» TASK DATA:

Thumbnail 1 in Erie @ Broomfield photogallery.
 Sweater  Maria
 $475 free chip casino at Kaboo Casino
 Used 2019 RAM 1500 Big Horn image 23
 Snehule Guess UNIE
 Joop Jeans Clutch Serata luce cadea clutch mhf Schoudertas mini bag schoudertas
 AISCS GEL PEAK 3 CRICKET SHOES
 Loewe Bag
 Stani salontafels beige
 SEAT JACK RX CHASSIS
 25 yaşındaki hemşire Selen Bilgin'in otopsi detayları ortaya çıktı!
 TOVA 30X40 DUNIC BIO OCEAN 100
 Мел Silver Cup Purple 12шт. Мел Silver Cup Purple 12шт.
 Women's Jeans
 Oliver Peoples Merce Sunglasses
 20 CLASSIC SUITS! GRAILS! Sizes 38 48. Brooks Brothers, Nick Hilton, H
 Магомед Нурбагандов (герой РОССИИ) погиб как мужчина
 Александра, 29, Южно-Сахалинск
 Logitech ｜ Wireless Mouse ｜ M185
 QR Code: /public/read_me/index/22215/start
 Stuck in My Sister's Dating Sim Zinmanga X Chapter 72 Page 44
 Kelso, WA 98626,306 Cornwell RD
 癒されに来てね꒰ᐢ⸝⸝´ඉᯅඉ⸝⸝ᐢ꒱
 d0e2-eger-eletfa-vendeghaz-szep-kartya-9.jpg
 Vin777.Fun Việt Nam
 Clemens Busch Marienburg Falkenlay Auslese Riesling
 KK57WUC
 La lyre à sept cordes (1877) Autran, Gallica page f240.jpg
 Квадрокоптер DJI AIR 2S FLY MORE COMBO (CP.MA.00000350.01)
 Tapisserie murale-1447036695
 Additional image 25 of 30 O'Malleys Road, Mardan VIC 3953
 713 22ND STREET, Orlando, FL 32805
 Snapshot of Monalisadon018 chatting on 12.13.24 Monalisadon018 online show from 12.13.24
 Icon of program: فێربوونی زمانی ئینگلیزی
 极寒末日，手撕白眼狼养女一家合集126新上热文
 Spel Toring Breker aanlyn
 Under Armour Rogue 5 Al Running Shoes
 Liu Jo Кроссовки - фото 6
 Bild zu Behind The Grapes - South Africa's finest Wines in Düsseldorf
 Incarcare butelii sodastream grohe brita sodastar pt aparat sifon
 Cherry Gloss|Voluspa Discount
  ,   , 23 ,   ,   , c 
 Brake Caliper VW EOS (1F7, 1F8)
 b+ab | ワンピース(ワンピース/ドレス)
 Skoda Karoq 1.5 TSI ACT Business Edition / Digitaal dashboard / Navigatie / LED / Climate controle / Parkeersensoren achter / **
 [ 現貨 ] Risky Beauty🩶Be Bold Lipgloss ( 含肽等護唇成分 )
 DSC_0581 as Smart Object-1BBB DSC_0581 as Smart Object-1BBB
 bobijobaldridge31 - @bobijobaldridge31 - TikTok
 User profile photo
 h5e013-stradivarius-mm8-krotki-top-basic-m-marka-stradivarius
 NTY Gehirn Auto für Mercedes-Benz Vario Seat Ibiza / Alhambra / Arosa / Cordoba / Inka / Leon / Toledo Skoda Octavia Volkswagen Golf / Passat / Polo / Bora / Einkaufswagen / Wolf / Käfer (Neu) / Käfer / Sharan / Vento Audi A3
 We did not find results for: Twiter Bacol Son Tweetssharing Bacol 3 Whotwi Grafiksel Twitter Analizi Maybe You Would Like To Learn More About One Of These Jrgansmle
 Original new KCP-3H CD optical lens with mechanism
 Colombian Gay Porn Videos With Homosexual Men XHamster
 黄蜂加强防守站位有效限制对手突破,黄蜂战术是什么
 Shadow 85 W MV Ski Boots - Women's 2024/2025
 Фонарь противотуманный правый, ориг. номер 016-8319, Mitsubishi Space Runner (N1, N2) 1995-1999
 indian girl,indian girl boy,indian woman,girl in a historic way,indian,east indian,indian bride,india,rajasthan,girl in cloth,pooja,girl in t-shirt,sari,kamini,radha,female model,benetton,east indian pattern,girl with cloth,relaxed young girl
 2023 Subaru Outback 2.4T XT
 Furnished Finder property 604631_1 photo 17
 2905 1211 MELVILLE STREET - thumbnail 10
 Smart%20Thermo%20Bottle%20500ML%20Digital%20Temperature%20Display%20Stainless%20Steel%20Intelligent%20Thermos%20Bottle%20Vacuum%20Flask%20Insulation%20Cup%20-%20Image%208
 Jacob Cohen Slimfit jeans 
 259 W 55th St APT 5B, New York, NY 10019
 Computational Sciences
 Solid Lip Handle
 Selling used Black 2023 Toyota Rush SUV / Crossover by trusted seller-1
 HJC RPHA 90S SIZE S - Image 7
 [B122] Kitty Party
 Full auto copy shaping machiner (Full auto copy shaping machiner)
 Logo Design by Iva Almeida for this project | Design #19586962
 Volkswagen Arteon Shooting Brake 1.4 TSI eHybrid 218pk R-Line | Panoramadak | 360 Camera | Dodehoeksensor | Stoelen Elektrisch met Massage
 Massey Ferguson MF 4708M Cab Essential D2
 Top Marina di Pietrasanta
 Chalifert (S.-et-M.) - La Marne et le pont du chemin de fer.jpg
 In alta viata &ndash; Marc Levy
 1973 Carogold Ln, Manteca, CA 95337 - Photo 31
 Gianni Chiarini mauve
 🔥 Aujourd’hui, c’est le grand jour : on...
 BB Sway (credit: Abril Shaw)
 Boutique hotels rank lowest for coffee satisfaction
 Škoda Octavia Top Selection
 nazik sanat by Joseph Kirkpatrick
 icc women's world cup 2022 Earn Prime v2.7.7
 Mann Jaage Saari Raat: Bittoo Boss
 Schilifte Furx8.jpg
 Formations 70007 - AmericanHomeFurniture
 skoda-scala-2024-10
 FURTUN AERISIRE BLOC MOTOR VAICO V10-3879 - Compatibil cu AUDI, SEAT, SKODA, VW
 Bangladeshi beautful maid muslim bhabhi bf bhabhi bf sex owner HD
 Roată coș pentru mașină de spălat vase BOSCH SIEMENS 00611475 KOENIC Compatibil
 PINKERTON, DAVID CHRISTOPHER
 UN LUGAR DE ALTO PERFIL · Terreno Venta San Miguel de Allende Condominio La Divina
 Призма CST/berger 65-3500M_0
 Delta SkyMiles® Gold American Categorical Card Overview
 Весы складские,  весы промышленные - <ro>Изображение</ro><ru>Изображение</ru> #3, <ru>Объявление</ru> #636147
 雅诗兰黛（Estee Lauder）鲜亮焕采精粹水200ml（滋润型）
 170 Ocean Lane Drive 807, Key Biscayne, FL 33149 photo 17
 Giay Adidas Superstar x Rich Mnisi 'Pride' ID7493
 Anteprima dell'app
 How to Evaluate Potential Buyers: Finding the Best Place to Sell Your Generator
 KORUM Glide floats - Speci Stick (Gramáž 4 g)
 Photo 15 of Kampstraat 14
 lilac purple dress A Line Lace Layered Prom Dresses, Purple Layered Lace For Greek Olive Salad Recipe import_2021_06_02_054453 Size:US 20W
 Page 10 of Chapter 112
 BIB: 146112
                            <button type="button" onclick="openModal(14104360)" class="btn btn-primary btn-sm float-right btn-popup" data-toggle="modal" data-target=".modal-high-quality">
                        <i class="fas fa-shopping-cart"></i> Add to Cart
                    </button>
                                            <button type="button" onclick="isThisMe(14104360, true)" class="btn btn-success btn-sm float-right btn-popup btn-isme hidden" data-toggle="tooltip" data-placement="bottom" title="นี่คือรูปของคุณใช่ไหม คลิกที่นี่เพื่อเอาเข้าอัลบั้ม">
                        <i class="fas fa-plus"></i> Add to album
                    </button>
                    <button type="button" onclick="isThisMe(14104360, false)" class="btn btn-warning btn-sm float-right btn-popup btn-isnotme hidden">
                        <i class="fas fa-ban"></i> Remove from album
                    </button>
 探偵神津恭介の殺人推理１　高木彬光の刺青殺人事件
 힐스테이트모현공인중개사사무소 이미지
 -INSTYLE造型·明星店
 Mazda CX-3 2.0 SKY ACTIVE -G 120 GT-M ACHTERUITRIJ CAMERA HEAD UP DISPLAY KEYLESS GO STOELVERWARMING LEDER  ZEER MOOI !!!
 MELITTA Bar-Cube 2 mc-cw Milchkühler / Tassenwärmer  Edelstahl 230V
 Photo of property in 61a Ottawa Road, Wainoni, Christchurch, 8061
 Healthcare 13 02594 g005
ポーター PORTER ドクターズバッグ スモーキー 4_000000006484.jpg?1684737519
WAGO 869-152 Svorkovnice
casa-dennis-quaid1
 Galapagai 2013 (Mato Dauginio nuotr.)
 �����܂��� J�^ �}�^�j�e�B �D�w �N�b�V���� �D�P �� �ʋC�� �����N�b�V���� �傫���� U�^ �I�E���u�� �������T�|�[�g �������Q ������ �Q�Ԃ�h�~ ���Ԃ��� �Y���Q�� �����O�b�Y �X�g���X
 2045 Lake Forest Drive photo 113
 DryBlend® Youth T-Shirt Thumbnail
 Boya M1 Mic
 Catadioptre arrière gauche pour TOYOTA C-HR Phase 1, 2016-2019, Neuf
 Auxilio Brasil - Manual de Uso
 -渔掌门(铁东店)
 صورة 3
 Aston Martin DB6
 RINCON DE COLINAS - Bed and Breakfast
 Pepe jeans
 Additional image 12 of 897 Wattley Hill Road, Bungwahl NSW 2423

» REQUIRED ACTION:
The line with "La lyre à sept" marks the end; reproduce exactly every line from the start of the entries up to it, that line included.

» OUTPUT:
Thumbnail 1 in Erie @ Broomfield photogallery.
 Sweater  Maria
 $475 free chip casino at Kaboo Casino
 Used 2019 RAM 1500 Big Horn image 23
 Snehule Guess UNIE
 Joop Jeans Clutch Serata luce cadea clutch mhf Schoudertas mini bag schoudertas
 AISCS GEL PEAK 3 CRICKET SHOES
 Loewe Bag
 Stani salontafels beige
 SEAT JACK RX CHASSIS
 25 yaşındaki hemşire Selen Bilgin'in otopsi detayları ortaya çıktı!
 TOVA 30X40 DUNIC BIO OCEAN 100
 Мел Silver Cup Purple 12шт. Мел Silver Cup Purple 12шт.
 Women's Jeans
 Oliver Peoples Merce Sunglasses
 20 CLASSIC SUITS! GRAILS! Sizes 38 48. Brooks Brothers, Nick Hilton, H
 Магомед Нурбагандов (герой РОССИИ) погиб как мужчина
 Александра, 29, Южно-Сахалинск
 Logitech ｜ Wireless Mouse ｜ M185
 QR Code: /public/read_me/index/22215/start
 Stuck in My Sister's Dating Sim Zinmanga X Chapter 72 Page 44
 Kelso, WA 98626,306 Cornwell RD
 癒されに来てね꒰ᐢ⸝⸝´ඉᯅඉ⸝⸝ᐢ꒱
 d0e2-eger-eletfa-vendeghaz-szep-kartya-9.jpg
 Vin777.Fun Việt Nam
 Clemens Busch Marienburg Falkenlay Auslese Riesling
 KK57WUC
 La lyre à sept cordes (1877) Autran, Gallica page f240.jpg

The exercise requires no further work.